— Directions for this task —
Below is a listing to repeat exactly, with its pictures left out.

— Collected material —
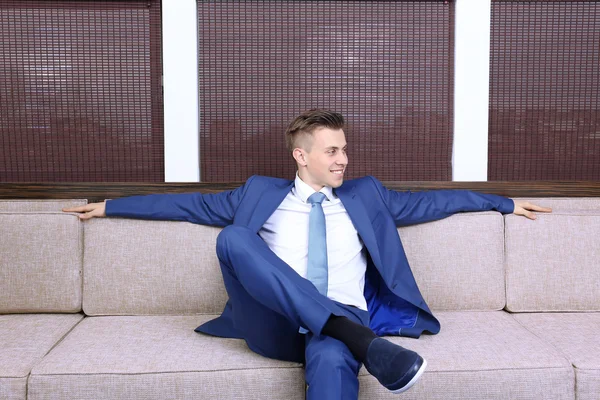 オフィスのソファで休んで若いビジネスマン — ストック写真
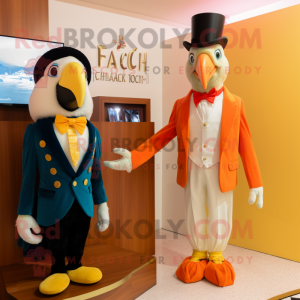 Peach Macaw mascot costume character dressed with a Tuxedo and Watches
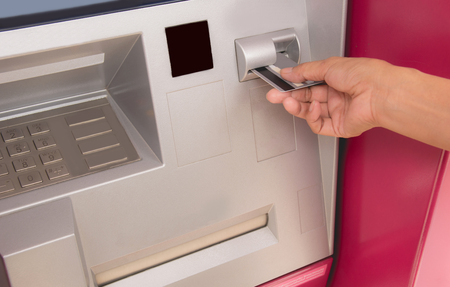 Hand of a woman with a credit card, using an ATM. Woman using an ATM machine. Woman using her credit card on ATM.の写真素材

— Answer —
 オフィスのソファで休んで若いビジネスマン — ストック写真
 Peach Macaw mascot costume character dressed with a Tuxedo and Watches
 Hand of a woman with a credit card, using an ATM. Woman using an ATM machine. Woman using her credit card on ATM.の写真素材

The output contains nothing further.